Catacombs: The Good Shepherd
Sunday readings: http://www.usccb.org/nab/051511.shtml
Sunday readings: http://www.usccb.org/nab/051511.shtml
Acts 2: 14a, 36-41
1 Pt 2: 20-25
Jn 10: 1-10
The Canadian educator and philosopher, Marshall McLuhen, is known for a phrase which I think is appropriate for our readings today on this Good Shepherd Sunday. McLuhen observed, “The medium is the message.”
He explained further: “At first we shape our tools and then our tools shape us.” For example, the voice which speak to us through the medium of our computers and every other electronic device we use has changed our expectations of how life should be: quick, easy, convenient, efficient and with a minimum of troubles. It is a very loud voice that bombards us each day.
This Sunday, we hear another voice. That of the risen Christ who speaks to us through a very ancient image – that of the Good Shepherd. This message is delivered through a different means of communication – the written word of Scripture. It isn’t fast or given in sound bites.It comes to us through the faith of those who were convinced that Jesus had truly risen from the dead.
We may envy the Apostles and those who lived during the time of Jesus’ resurrection. Wouldn’t it have been amazing to have experienced a vision of the risen Lord? The wonderful Easter season Gospel stories relate some of those events in ways that are meant both to confirm our own faith and to describe for us the experience of those who had been scattered and were hiding in fear after the crucifixion.
There is no doubt that if Jesus had not risen from the dead, we would have read instead about a strange false prophet named Jesus from a tiny backwater hamlet in the north of Israel who claimed to be the Son of God. Without the resurrection Jesus would have been one of the most brilliant deceivers the world has ever seen. But, the opposite has happened.
It is precisely because of this potential danger that the Gospel writers took the grand effort to describe as best they could how the presence of the risen Christ transformed all who “ate and drank with him.” As technology continues to transform our society and our personal lives and expectations, the resurrection event has had a far more profound effect on human history. In essence, the resurrection of Christ changed everything – everything was touched by this astounding event and we view our lives, our relationship to each other and to God through new eyes.
Jesus reassembled the scattered sheep of his Apostles – from fear, trembling, confusion and disillusionment, he created unity and fellowship among them. He united them in a common mission to preach, teach and witness to his work of salvation.

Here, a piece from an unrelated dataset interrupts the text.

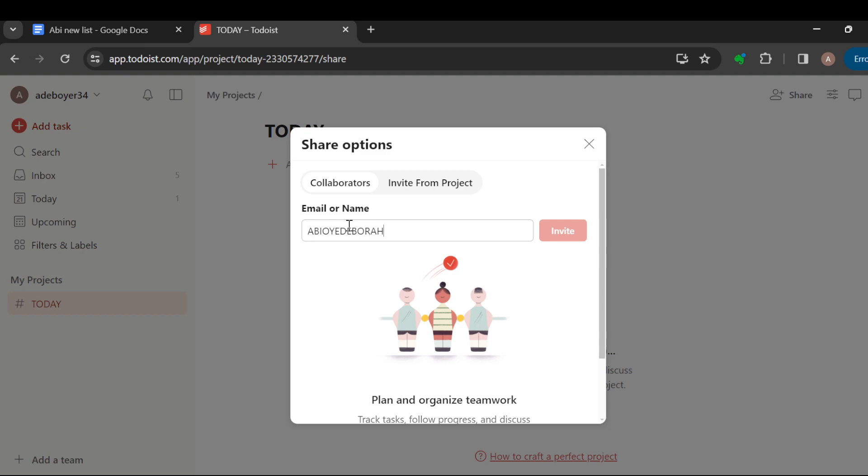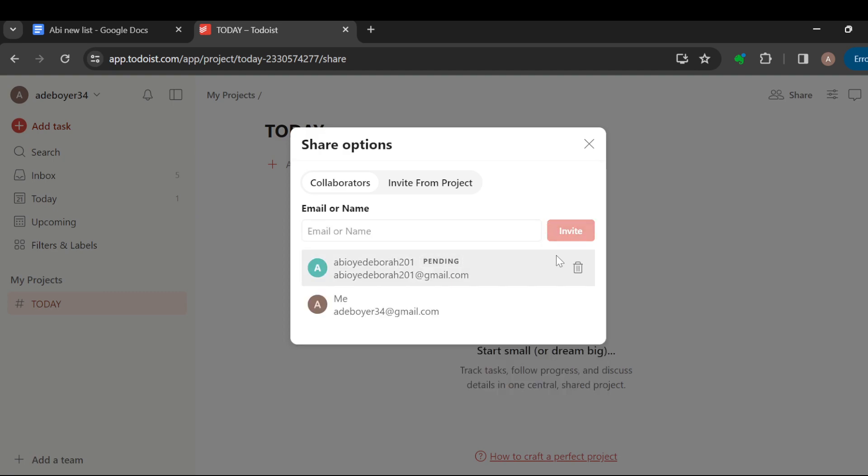I'm typing out an email now at gmail.com. Once you're done, click on invite and then an invite will be sent to the person.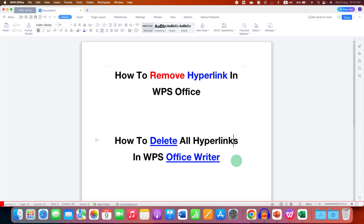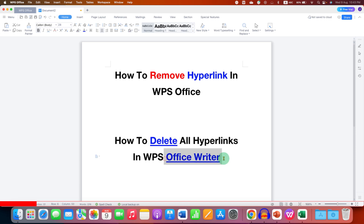In this video, you will see how to remove hyperlinks in WPS Office. As you can see, I have two hyperlinks in this sentence, and to remove these hyperlinks, there is an easy option.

Our experience of the risen Jesus today is the way in which Christians have always recognized his presence - through sign and symbol. These signs and symbols are not electronic and they are not high-speed. They are ordinary and very low-tech.
Jesus is the Vine, the Bread of Life, and today he is for us the Good Shepherd and “the gate for the sheep.” He states clearly in our Gospel: “I am the gate. Whoever enters through me will be saved.” (Jn 10: 9).

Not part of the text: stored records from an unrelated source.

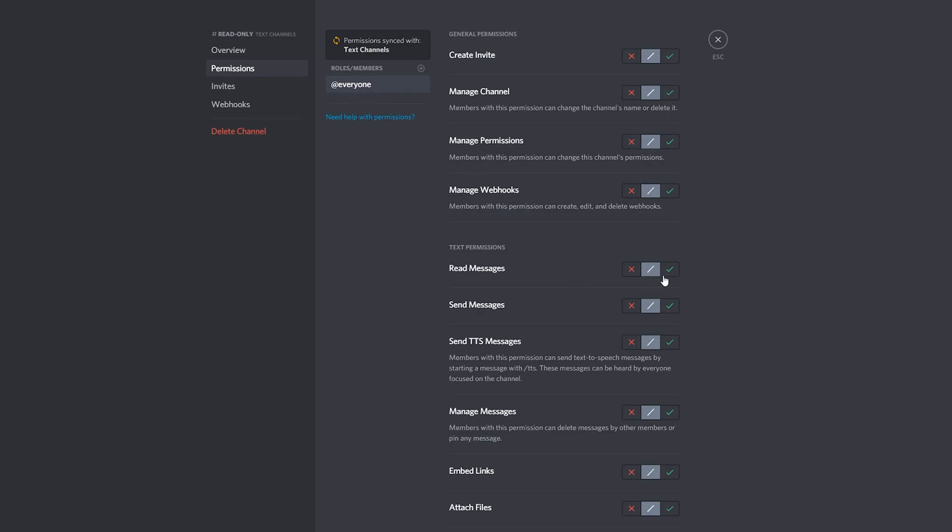So what I'm going to be doing for at-everyone is read message is going to be allowed, but sending messages and sending TTS messages is going to be disabled. So that means anyone with the at-everyone role will not be able to send messages, however they will be able to read messages in this section.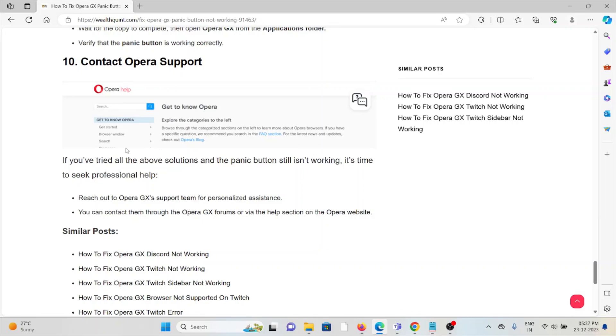The tenth method is contact the Opera support team. If you have tried all other troubleshooting methods and are still facing the problem, you can contact the Opera support team for assistance. Their expertise will help you fix the problem and provide a better solution.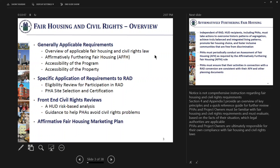The fact that HUD is or is not looking at something does not necessarily mean that the Housing Authority is in compliance with its civil rights and fair housing requirements. You have to evaluate that locally as well.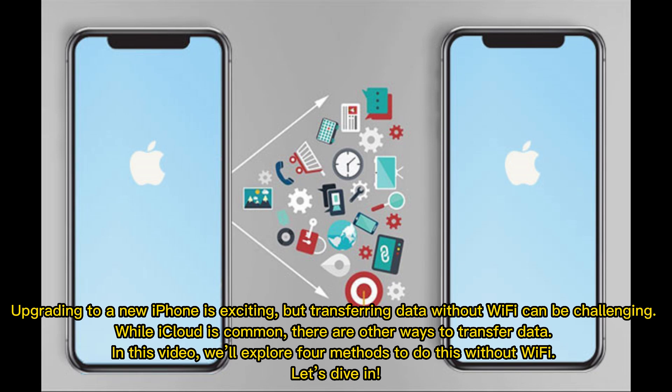Upgrading to a new iPhone is exciting, but transferring data without Wi-Fi can be challenging. While iCloud is common, there are other ways to transfer data. In this video, we'll explore 4 methods to do this without Wi-Fi. Let's dive in.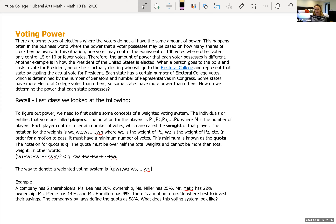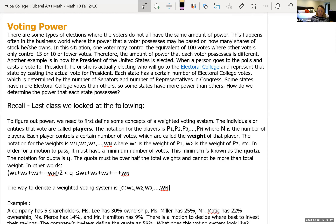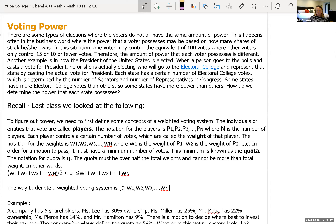We started looking at voting power and weighted voting this week, looking at terminology and how to set up and read a vote in that system. There are some types of elections where voters do not all have the same amount of power. This happens often in the business world, where the power a voter possesses may be based on how many shares or stock he or she owns. One voter may control the equivalent of 100 votes, where others only control 15, 10, or even fewer.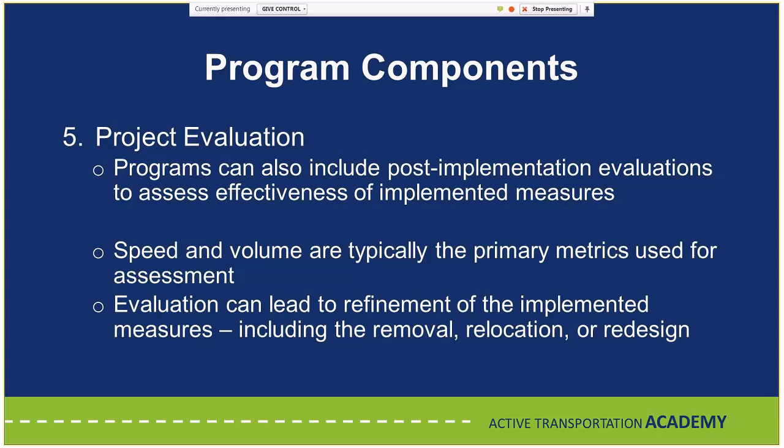A question came in: what are the legal implications for placing temporary calming measures within the roadway right of way? If you build temporary measures into your traffic calming program policy, ensure public involvement, and get approval at all levels by following the process, you're much more legally covered than if neighbors go out informally and place items in the road themselves.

Jesus as the Good Shepherd was a familiar image of Christ to the early Christians. It was far less scandalous than the tortuous punishment of crucifixion. In this gentle image we can see ourselves as scattered sheep; listening to other voices rather than that of the Divine Shepherd. Putting our faith and energy in signs that are only temporary. As St. Peter reminds us today in the second reading: “For you had gone astray like sheep, but you have now returned to the shepherd and guardian of your souls.” (1 Pt 2: 25).
But this sheep gate and Shepherd is not here to destroy or to pick and choose who are members of his flock. This shepherd invites and leads. He calls to us and leads us to “find pasture” and one who came, “. . . so that they may have life and have it more abundantly.” (Jn 10: 10).

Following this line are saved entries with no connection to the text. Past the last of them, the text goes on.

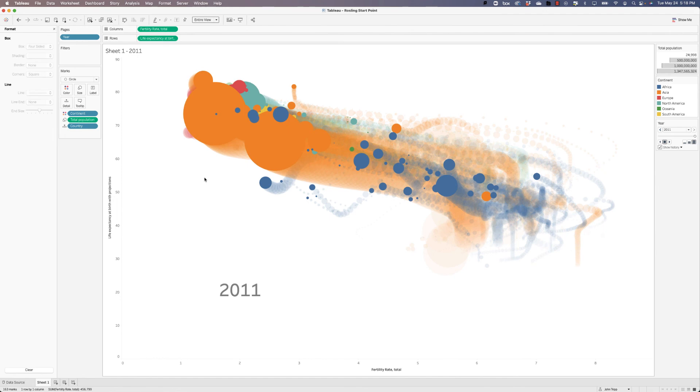We have a basic Hans Rosling chart done. We could do more to it. We could adjust the colors to make them maybe a little bit less bright, but we won't do that now. This was just to apply the things that we've learned, the basics of building a visualization in Tableau.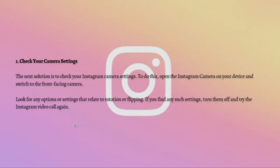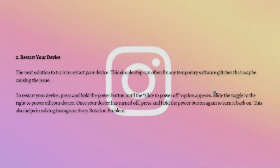The first fix that you can do is to check your camera settings. To do this, open the Instagram camera on your device and then switch to the front-facing camera. Look for any options in settings that relate to rotation or flipping. If you find any such settings, then turn them off and then try the Instagram video call again.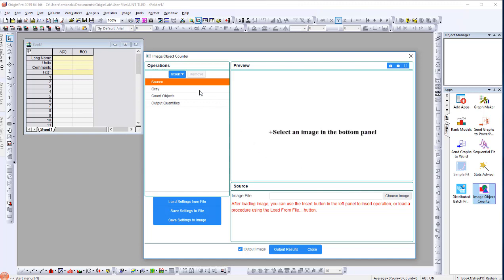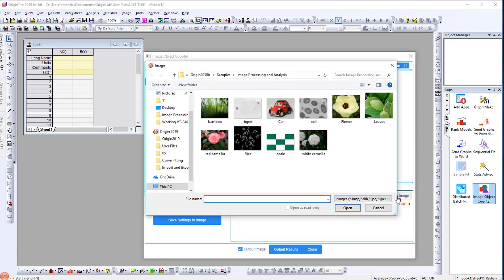There are four default operations listed: source, gray, count objects, and output quantities. Let's start by selecting the source operation. On the right panel, select Choose Image, and I will select Sal from my folder to load the source image.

Our experience today of the risen Christ is primarily in and through his body, the Church. Here we are supported in our faith and encounter the life of the risen Christ through signs of water, bread, wine, oil, fire, holy Scripture and the fellowship we enjoy with one another. This shepherd has a vision and intention far beyond our own. His desire is a world-wide flock in which all of humanity is gathered. This is a voice we can listen to and follow with confidence and hope for Christ himself is both medium and message.
If the “medium is the message” then the Gospel and the lives of countless Christians before ourselves is that medium. The message is the good news which we hear in today’s first reading from the Acts of the Apostles. As Peter “stood up with the Eleven, raised his voice, and proclaimed: ‘Let the whole house of Israel know for certain that God has made both Lord and Christ, this Jesus . . . For the promise is made to you and to your children and to all those far off, whomever the Lord our God will call.” (Acts 2: 14, 36-41).
"In our sickness we need a savior, in our wanderings a guide, in our blindness someone to show us the light, in our thirst the fountain of living water which quenches for ever the thirst of those who drink from it. We dead people need life, we sheep need a shepherd, we children need a teacher, the whole world needs Jesus!" (Clement of Alexandria: 150-215)
God has delivered his promise in Christ who is risen indeed, Alleluia!